Low molecular weight heparin (FRagmin (R)) in pregnant women with a history of Uteroplacental Insufficiency and Thrombophilia, a randomized trial (FRUIT-study).

Uteroplacental insufficiency resulting in preeclampsia, eclampsia, HELLP syndrome (hemolysis, elevated liver enzymes and low platelets) fetal growth restriction and preterm birth is one of the major problems in perinatal medicine.
The origin is multifactorioal and endothelial cell dysfunction is the final common pathway in the maternal syndrome preeclampsia. A substantial percentage of the women have thrombophilic disorders.
This multicenter open two-armed RCT will elucidate whether treatment with low molecular weight heparine during a following pregnancy is benificial for the maternal, fetal and neonatal morbidity and mortality.

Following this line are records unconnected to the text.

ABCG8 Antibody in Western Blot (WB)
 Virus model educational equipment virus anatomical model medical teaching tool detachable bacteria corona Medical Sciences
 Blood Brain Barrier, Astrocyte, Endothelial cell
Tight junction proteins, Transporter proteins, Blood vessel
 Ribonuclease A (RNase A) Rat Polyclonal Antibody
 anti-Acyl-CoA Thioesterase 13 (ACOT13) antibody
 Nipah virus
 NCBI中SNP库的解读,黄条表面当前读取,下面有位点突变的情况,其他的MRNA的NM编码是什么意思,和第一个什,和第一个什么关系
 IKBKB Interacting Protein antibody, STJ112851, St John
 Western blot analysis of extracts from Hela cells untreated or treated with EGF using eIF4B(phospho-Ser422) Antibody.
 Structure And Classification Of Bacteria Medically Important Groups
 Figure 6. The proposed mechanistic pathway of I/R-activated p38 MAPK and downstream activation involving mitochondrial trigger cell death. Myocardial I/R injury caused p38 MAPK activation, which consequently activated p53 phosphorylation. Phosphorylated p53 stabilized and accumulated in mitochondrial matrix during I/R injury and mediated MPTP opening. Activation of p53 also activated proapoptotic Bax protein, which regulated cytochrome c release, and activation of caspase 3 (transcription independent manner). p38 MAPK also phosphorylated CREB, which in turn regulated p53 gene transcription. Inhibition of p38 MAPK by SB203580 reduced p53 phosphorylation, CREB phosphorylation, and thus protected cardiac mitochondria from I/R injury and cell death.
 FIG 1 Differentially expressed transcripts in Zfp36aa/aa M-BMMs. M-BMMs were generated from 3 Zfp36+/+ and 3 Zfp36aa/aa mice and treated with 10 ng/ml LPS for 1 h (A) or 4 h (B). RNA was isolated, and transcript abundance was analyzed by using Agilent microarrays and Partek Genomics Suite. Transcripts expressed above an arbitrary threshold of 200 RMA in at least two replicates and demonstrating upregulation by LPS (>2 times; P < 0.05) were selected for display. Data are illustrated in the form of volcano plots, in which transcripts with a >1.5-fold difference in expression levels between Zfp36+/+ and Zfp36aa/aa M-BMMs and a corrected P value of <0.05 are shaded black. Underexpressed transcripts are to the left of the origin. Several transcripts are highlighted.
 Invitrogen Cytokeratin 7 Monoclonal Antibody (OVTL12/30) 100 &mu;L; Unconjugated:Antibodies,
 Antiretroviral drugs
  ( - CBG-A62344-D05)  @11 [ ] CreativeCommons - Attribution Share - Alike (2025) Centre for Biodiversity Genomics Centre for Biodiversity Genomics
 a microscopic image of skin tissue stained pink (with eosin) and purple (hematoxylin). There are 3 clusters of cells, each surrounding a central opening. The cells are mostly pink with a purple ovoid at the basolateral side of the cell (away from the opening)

Low molecular weight heparin plus aspirin reduces the recurrence of preeclampsia and/or small for gestational age infants before 34 weeks gestational age in women with documented thrombophilia with a history of preeclampsia and/or small for gestational age infants with birth before 34 weeks.

Two armed study:

A: Daily dalteparin (starting between 6-12 weeks pregnancy) throughout gestation plus aspirin (starting before 12 weeks gestation to 36 weeks);

B: Aspirin only ( starting before 12 weeks to 36 weeks).

Both arms receive regular controls for women with a history of preeclampsia. In arm A: examination of Anti FActor Xa activity at 20 and 30 weeks.